The Blue Lagoon

PLOT (spoiler alert!!!):

In the Victorian period, two young cousins, Richard and Emmeline Lestrange, and a galley cook, Paddy Button (Leo McKern), survive a shipwreck in the South Pacific and reach a lush tropical island. Paddy cares for the small children and forbids them by “law” from going to the other side of the island, as he found evidence of remains of bloody human sacrifices. He also warns them against eating a scarlet berry which is apparently deadly.

Paddy soon dies after a drunken binge, and his body is discovered by Richard and Emmeline. Now alone, the children go to another part of the island and rebuild their home.

Years pass and they both grow into tall, strong, and beautiful teenagers. They live in their hut, spending their days together fishing, swimming, and diving for pearls. Richard and Emmeline (now portrayed by Christopher Atkins and Brooke Shields) begin to fall in love, although this is emotionally stressful for them because of their lack of education on human sexuality. Emmeline is frightened after she begins her first menstrual period and is nervous when Richard wants to inspect her for a cut.

Sometime later, their relationship suffers a major blow when a ship appears for the first time in years. Richard’s desire to leave comes into conflict with Emmeline’s desire to stay, and she does not light the signal fire. As a result, the ship passes by without noticing them. Richard’s fury leads him to kick Emmeline out of their hut. They make up for this fight after Emmeline is nearly killed upon stepping on a stonefish and Richard admits to his fear of losing her. Emmeline recovers and after she regains her ability to walk, they go skinny dipping in the lagoon and then swim to shore. Still naked, Richard and Emmeline discover sexual intercourse and then passionate love. They regularly make love from then on while occasionally spending their time together in the nude. Due to their regular sexual encounters, Emmeline becomes pregnant. Richard and Emmeline themselves do not know about the truth of childbirth and human reproduction and assume that the physical changes in Emmeline’s body is her getting fat. They are stunned when they feel the baby move inside her and assume it’s her stomach causing the movements.

One night, Emmeline gives birth to a baby boy, whom they name Paddy. Frustrated at not knowing how to feed the baby, Emmeline holds him and learns how to feed him as the baby instinctively starts sucking on her breast. The young parents spend their time playing with Paddy as he grows, teaching him how to swim, fish, and build things.

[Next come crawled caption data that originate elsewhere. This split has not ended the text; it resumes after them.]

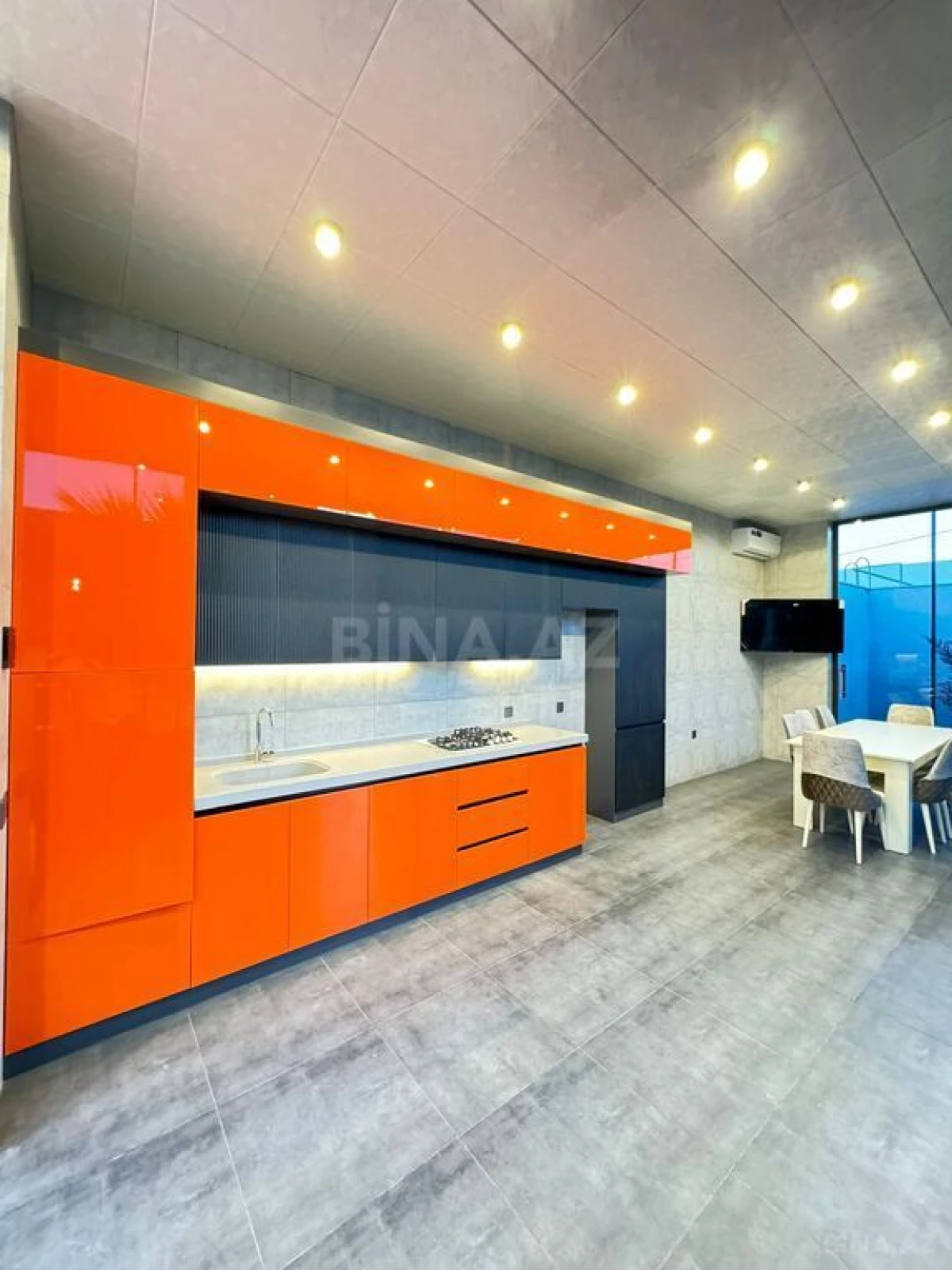 Satılır 6 otaqlı həyət evi 400 m²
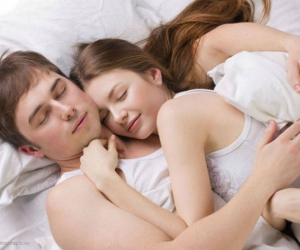 Thực hư việc sợ sinh non, vợ bầu tháng cuối thai kỳ một mực muốn 'cấm vận' chồng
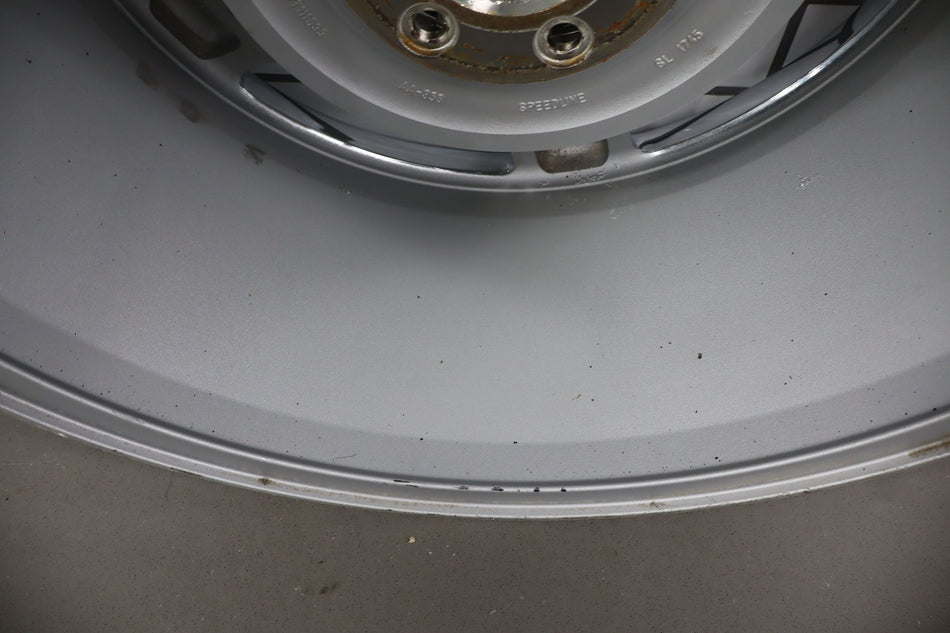 2005 Chevrolet SSR- Wheel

As the family plays, a ship led by Richard’s father Arthur (William Daniels), approaches the island and sees the family playing on the shore. As they are covered in mud, Arthur assumes these are natives, not the young couple they have been searching for all these years, and the ship passes.

One day, the young family takes the lifeboat to visit their original homesite. While waiting for Richard, Emmeline and Paddy remain in the boat. Emmeline falls asleep and does not notice when Paddy brings a branch of the scarlet berries into the boat. She awakes as Paddy tosses one of the oars out. The tide was sweeping the boat into the lagoon and Richard swims to her, followed closely by a shark. Emmeline throws the other oar at the shark, striking it and giving Richard time to get into the boat. Though close to shore, they are unable to return or retrieve the oars without risking a shark attack. They paddle with their hands to no avail; the boat is caught in the current and drifts out to sea.

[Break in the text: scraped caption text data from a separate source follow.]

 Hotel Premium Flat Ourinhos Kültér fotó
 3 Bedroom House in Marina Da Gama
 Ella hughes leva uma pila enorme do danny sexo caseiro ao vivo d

After drifting for days in the boat, Richard and Emmeline awake to find Paddy eating the berries he picked. Realizing that these are poisonous berries, they try to stop him, but he had already swallowed a few. Hopeless, Richard and Emmeline eat the berries as well, lying down to await death. A few hours later, Arthur’s ship finds them floating in the boat. Arthur asks, “Are they dead?” and the ship’s captain (Alan Hopgood) answers, “No, sir. They’re asleep.”


When I was little, my family and I would go to the video store (back in the days of videocassette rentals) and I would always see a copy of The Blue Lagoon. It intrigued me and, as I grew into puberty, I wanted to see it mostly because it had naked people on the cover. As you can imagine, the parental units never let that happen. So, up until today, I had never seen this film, but I have heard stories, rumors, complaints, and praise about it. So, let’s see what I think, shall we?

What is this about?

Two shipwrecked children, stranded for years on a deserted island, fall in love as teenagers and attempt to forge a life in the isolated paradise.

What did I like?

Under the sea. First off, can I just say that the exotic locale that was used for filming is breathtaking! I can imagine that when filming wrapped no one wanted to leave this place. Second, the undersea shots are majestically beautiful. It was like watching an old National Geographic special, only without the narration. Even the shot of Brooke Shields’ character stepping on a stonefish was beautiful, despite the harsh ramification of that act.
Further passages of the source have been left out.